The incoming administration is concerned about officers who excessively focus on applying CRT/DEI in employing new personnel and educating existing personnel. As with the use of the military in mass deportations, the CRT/DEI policy position threatens the perception of the military's non-partisan stance, as viewed by hawks and social conservatives in Congress. In this climate, I judge that favoured generals and admirals are those who can be trusted to "look tough, fight tough, and promote tough" to allies and enemies alike. A modified methodology of the one used to select GEN Milley as CJCS.
What is your assessment of the "favourite generals/admirals" concept and it may manifest under the incoming administration? Specifically, could we see the return of rough-n-tough senior officers like Gen LeMay, as a standard among senior military?
3) I recently spruced up the Army four-star generals list in my spare time. Updated the history section by abridging your legislative four-star history articles, and updated the list with citations and positions leading the Army War College and congressionally-chartered organisations (American Legion, MCL, USO). Still waiting on USO to email me a list of their past CEOs (assuming they take me, a foreigner researching in a personal capacity, seriously) So far, the only applicable four-stars are GEN Tilelli and Gen Mundy (already in the USMC four-star list). I considered adding leadership of the main service professional associations (AUSA, USNI, AFA) but decided against it as their past leadership history is spotty source-wise, and they're non-profits anyway.
Do you have access to Heaton's Four Stars: The Super Stars of United States Military History? Book sites I've looked at limit shipping to the United States. Reason — I've tried to verify that General Robert J. Wood was indeed recalled as a general from 1968–69 to serve as Director, Overseas Base Requirements Study Group (and have altered the list to that effect) with exact dates in the footnote, but I don't trust it.
P.S. The subject on KingEdinburgh's talk page is on who exactly is to be replaced by the incoming administration. I will direct such queries to that page. SuperWIKI (talk) 17:44, 17 November 2024 (UTC)[reply]
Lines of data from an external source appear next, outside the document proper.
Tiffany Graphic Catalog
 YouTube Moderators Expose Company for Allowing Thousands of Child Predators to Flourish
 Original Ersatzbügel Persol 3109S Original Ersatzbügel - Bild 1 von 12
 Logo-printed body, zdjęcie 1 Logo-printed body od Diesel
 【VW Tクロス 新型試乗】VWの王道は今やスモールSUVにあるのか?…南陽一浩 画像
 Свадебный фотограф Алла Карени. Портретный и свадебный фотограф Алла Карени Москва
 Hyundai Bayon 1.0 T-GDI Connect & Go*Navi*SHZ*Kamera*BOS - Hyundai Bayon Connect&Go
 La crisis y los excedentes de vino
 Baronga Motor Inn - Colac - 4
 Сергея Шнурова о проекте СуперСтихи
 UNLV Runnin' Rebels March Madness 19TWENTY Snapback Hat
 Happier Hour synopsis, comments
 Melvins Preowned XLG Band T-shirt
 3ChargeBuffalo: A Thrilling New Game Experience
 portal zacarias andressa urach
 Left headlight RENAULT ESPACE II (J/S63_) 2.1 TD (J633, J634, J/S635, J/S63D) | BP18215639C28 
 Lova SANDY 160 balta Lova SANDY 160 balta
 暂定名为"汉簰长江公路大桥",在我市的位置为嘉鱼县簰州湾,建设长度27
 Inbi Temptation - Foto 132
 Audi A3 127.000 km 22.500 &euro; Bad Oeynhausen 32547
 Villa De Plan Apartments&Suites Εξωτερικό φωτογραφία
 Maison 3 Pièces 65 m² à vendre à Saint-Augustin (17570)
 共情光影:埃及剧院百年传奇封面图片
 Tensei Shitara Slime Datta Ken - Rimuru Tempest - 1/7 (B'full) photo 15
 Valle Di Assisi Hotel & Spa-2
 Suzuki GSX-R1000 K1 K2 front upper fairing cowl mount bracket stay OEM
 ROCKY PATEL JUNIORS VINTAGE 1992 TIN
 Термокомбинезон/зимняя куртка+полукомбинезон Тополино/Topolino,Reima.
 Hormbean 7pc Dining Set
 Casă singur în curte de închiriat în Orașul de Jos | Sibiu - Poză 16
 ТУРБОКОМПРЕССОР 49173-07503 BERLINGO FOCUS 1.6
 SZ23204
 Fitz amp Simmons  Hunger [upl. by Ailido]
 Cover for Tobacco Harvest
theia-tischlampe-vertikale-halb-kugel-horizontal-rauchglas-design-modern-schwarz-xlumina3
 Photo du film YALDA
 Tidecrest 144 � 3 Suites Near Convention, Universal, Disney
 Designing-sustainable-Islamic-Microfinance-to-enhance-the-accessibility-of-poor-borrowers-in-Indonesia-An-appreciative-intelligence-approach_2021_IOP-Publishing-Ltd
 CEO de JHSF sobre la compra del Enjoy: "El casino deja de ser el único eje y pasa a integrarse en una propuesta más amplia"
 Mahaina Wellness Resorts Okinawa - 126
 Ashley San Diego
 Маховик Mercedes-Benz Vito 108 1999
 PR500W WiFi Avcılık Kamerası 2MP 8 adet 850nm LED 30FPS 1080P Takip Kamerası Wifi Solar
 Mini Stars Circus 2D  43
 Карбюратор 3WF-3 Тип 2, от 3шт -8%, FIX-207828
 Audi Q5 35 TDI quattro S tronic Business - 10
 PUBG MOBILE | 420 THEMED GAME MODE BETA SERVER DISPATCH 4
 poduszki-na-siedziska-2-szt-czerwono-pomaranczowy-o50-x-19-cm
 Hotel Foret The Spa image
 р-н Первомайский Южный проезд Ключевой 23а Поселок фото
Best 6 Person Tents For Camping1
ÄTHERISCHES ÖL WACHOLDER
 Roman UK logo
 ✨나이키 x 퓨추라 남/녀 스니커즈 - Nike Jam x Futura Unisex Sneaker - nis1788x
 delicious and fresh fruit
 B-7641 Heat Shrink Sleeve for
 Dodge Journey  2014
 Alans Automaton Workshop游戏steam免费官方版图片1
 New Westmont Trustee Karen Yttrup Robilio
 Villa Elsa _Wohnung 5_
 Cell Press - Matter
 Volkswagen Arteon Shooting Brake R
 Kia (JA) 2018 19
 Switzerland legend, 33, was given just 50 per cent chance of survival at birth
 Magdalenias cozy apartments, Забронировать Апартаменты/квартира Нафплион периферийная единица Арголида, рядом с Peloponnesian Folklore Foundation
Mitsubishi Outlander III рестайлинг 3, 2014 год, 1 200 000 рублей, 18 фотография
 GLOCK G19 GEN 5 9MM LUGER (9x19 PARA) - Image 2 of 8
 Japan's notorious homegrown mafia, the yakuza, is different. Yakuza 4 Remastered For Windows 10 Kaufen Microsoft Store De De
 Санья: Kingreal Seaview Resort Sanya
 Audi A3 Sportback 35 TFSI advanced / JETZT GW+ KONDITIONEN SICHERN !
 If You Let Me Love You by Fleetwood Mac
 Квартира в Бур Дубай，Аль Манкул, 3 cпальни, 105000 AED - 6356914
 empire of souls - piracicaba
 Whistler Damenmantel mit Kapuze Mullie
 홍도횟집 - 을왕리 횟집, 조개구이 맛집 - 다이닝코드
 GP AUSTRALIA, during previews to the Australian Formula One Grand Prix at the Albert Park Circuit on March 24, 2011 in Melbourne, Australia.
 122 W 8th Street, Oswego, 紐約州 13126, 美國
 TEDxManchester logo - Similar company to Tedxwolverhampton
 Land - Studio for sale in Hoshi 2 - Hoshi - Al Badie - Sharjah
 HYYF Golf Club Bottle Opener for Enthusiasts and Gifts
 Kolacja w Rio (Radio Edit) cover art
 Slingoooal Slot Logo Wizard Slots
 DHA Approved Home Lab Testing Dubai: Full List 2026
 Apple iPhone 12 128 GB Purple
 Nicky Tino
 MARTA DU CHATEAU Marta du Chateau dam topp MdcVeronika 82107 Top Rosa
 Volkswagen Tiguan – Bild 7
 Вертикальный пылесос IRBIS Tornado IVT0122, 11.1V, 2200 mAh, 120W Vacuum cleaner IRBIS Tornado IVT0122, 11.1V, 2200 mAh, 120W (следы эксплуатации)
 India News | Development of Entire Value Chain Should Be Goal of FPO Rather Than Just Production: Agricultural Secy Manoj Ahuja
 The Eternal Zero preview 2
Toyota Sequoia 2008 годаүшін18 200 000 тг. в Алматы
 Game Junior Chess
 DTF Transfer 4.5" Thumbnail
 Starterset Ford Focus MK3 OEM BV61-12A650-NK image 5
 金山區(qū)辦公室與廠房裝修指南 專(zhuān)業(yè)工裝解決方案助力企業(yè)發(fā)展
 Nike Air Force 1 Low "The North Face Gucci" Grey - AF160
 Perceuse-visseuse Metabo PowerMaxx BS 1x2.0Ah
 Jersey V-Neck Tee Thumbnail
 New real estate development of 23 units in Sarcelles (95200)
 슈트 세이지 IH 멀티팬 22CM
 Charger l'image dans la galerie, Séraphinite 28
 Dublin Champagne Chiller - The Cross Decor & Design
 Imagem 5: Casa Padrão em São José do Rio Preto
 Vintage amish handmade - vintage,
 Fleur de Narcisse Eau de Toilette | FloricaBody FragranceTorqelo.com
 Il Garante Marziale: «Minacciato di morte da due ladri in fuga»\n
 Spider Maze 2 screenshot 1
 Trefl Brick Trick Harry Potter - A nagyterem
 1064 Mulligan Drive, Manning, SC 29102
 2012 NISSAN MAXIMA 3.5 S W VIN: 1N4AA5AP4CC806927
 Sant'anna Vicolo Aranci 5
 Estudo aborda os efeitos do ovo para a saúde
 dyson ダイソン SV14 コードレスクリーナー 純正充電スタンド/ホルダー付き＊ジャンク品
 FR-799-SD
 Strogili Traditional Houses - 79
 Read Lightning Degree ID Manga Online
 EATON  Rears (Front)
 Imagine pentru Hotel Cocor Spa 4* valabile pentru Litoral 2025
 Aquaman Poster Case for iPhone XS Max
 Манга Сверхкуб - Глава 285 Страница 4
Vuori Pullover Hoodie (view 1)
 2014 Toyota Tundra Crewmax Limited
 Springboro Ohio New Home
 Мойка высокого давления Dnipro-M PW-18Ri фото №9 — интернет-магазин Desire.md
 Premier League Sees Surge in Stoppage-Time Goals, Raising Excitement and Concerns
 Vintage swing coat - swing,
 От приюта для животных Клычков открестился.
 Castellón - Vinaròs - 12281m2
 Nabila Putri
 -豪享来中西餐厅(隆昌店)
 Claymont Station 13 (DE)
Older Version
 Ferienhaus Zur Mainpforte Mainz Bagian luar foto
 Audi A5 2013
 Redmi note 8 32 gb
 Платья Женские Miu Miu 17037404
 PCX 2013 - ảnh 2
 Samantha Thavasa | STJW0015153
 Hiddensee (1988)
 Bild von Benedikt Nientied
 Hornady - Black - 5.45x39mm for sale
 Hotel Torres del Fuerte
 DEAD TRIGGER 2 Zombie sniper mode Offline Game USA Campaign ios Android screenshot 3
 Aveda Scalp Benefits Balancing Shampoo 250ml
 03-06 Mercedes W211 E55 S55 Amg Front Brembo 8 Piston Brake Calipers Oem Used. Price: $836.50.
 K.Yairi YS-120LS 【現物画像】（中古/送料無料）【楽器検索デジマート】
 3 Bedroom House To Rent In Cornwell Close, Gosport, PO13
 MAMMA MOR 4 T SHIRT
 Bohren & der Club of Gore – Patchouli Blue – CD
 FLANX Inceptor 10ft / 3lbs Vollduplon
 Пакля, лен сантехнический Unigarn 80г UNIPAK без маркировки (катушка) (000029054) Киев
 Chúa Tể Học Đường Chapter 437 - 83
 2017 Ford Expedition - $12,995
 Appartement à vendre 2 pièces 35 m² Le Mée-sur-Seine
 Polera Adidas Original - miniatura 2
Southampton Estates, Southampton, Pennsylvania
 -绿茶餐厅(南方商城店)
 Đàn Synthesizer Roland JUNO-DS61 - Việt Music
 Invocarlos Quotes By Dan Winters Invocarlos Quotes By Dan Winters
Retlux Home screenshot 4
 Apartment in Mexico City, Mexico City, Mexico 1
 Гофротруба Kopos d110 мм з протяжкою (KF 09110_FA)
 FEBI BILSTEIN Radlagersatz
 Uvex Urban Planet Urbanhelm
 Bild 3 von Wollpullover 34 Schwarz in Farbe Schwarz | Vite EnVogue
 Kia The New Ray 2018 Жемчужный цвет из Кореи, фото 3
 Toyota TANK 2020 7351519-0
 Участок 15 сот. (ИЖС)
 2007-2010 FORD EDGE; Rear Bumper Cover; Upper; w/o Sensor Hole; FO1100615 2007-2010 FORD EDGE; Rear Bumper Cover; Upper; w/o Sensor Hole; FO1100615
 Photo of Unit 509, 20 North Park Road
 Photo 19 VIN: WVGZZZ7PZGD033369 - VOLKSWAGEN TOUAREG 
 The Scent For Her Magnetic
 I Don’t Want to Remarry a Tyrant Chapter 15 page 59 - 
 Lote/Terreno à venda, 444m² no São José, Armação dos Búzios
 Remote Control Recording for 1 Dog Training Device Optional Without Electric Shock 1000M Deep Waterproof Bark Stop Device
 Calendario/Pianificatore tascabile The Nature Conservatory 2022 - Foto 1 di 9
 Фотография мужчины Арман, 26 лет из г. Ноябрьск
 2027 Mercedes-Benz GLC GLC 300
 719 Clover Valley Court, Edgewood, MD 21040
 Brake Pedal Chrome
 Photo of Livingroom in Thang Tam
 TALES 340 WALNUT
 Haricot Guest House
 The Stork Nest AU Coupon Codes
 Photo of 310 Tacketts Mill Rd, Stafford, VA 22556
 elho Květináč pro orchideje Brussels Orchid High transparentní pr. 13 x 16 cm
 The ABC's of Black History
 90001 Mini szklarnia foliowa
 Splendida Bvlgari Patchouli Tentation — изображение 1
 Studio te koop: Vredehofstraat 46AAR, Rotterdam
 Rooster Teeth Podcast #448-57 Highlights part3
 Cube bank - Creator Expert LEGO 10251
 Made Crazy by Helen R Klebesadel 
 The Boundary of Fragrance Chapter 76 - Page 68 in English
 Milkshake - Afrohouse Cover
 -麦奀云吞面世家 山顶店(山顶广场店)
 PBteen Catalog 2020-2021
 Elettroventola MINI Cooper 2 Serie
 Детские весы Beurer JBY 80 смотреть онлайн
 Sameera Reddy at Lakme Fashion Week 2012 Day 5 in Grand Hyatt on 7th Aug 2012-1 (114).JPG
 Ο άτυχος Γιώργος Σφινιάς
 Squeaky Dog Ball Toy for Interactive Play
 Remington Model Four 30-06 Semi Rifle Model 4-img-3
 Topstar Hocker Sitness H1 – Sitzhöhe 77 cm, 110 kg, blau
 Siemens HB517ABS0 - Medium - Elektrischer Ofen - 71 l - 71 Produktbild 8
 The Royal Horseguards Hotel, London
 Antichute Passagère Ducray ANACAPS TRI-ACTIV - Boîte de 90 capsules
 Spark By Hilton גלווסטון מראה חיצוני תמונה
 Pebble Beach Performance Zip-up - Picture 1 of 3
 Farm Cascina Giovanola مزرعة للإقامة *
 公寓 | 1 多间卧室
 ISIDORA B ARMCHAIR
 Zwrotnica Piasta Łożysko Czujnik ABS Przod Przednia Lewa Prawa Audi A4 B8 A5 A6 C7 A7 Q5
  1. I generally agree, except that Rumsfeld was at least trying to screen for competence to execute his vision to transform and modernize the sclerotic military bureaucracy, whereas the incoming crew will try to screen for personal loyalty to the president, which is fundamentally different and unprecedented since probably the mid-1800s. They can also try to punish generals they perceive as disloyal, like Milley, with demotions in retirement by decertifying their satisfactory service in grade, like Lichte. This would certainly be reversed by the next administration (and perhaps before then by the courts), but the Senate has no recourse other than to refuse to confirm new appointments. If there is a wholesale firing early next year, it's very possible that the entire system gets deadlocked again like during the Tuberville holds, with many vacancies due to unnominated, unconfirmed, or unconfirmable successors, especially if it takes time to bring in new service secretaries, as always seems to happen at any change of administration.
  2. At this point Trump has no favorite generals except maybe Flynn. I doubt just looking tough will still make him assume a general is his type, given how Mattis, Kelly, McMaster, and Milley turned out. If he is looking for personal loyalty this time, the best way is to pick people who are completely unpromotable without his patrimony, such as sidelined officers with a potential ax to grind like Tata, Bolduc, the retired AETC commander, or the new USAFA superintendent (who does look tough superficially but see the wild comments here). This is basically how he is selecting his Cabinet right now.
  3. I do have the Heaton book, which was my starting point for the original four-star lists way back when. I remember Wood and Porter being by far the most obscure Army four-stars, with Heaton as the best and only source for them back then. Here is the Wood capsule biography on page 109:
Following Wood's graduation from West Point, he was assigned to the routine junior officer assignments. His promotions were slow as they were for all Army personnel between World War I and II. He attended a number of military training courses including the Coast Artillery School, Command and General Staff School, Armed Forces Staff College and the National War College. He advanced through the grade of Captain through Colonel during various assignments in World War II, as well as receiving the Purple Heart of Wounds in Action. His first significant assignment in the early 1950s was Chief Defense Annual Review Team and Deputy Defense Advisor, U.S. Mission to NATO in Paris. In 1955, General Wood was Deputy Commanding General and later Commanding General U.S. Army Artillery and Guided Missile Center at Fort Bliss. In 1957, he was Deputy Chief of Research and Development, Department of the Army at the Pentagon. General Wood was advanced to the position of Commanding General; U.S. Army Defense Command in Colorado Springs in 1960. On 1 September 1962, he was advanced to Four Star status and appointed Director of Military Assistance, Office of Assistant Secretary of Defense until his retirement on 1 September 1965. He was recalled to active duty on 1 February 1968 to serve as Director, Overseas Base Requirements Study Group in Washington. He was once again placed on the retirement list at the end of this assignment on 31 March 1969.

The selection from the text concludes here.